* _Source records_:
--- --- ---
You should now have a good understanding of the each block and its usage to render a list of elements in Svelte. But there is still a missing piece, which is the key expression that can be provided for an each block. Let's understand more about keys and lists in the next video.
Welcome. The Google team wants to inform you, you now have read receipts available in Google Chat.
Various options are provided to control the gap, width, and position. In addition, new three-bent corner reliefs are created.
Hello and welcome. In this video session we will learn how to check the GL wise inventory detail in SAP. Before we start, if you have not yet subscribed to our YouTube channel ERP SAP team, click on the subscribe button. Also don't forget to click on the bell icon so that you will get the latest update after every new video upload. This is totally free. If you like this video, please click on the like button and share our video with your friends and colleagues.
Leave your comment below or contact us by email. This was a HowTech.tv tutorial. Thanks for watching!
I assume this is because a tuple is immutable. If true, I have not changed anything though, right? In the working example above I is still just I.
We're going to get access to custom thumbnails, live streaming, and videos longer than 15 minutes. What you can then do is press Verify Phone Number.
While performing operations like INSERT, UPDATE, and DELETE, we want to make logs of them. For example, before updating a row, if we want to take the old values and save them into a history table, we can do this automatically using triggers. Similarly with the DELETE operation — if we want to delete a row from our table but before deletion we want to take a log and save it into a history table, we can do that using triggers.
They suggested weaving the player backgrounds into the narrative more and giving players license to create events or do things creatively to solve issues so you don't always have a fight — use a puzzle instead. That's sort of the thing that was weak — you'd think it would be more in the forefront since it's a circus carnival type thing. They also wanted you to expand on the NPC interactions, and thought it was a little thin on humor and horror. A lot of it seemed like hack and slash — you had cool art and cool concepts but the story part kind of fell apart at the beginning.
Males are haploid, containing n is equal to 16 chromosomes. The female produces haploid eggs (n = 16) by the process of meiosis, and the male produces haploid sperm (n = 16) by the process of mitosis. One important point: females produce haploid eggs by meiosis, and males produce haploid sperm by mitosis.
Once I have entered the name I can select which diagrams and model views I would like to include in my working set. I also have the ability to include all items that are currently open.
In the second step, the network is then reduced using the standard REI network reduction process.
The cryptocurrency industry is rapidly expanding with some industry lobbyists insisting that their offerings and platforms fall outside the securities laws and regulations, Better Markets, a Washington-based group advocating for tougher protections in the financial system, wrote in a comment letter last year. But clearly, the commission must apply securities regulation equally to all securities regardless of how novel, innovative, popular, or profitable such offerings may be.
--- --- ---
Repeat each entry above exactly as shown.

You should now have a good understanding of the each block and its usage to render a list of elements in Svelte. But there is still a missing piece, which is the key expression that can be provided for an each block. Let's understand more about keys and lists in the next video.
Welcome. The Google team wants to inform you, you now have read receipts available in Google Chat.
Various options are provided to control the gap, width, and position. In addition, new three-bent corner reliefs are created.
Hello and welcome. In this video session we will learn how to check the GL wise inventory detail in SAP. Before we start, if you have not yet subscribed to our YouTube channel ERP SAP team, click on the subscribe button. Also don't forget to click on the bell icon so that you will get the latest update after every new video upload. This is totally free. If you like this video, please click on the like button and share our video with your friends and colleagues.
Leave your comment below or contact us by email. This was a HowTech.tv tutorial. Thanks for watching!
I assume this is because a tuple is immutable. If true, I have not changed anything though, right? In the working example above I is still just I.
We're going to get access to custom thumbnails, live streaming, and videos longer than 15 minutes. What you can then do is press Verify Phone Number.
While performing operations like INSERT, UPDATE, and DELETE, we want to make logs of them. For example, before updating a row, if we want to take the old values and save them into a history table, we can do this automatically using triggers. Similarly with the DELETE operation — if we want to delete a row from our table but before deletion we want to take a log and save it into a history table, we can do that using triggers.
They suggested weaving the player backgrounds into the narrative more and giving players license to create events or do things creatively to solve issues so you don't always have a fight — use a puzzle instead. That's sort of the thing that was weak — you'd think it would be more in the forefront since it's a circus carnival type thing. They also wanted you to expand on the NPC interactions, and thought it was a little thin on humor and horror. A lot of it seemed like hack and slash — you had cool art and cool concepts but the story part kind of fell apart at the beginning.
Males are haploid, containing n is equal to 16 chromosomes. The female produces haploid eggs (n = 16) by the process of meiosis, and the male produces haploid sperm (n = 16) by the process of mitosis. One important point: females produce haploid eggs by meiosis, and males produce haploid sperm by mitosis.
Once I have entered the name I can select which diagrams and model views I would like to include in my working set. I also have the ability to include all items that are currently open.
In the second step, the network is then reduced using the standard REI network reduction process.
The cryptocurrency industry is rapidly expanding with some industry lobbyists insisting that their offerings and platforms fall outside the securities laws and regulations, Better Markets, a Washington-based group advocating for tougher protections in the financial system, wrote in a comment letter last year. But clearly, the commission must apply securities regulation equally to all securities regardless of how novel, innovative, popular, or profitable such offerings may be.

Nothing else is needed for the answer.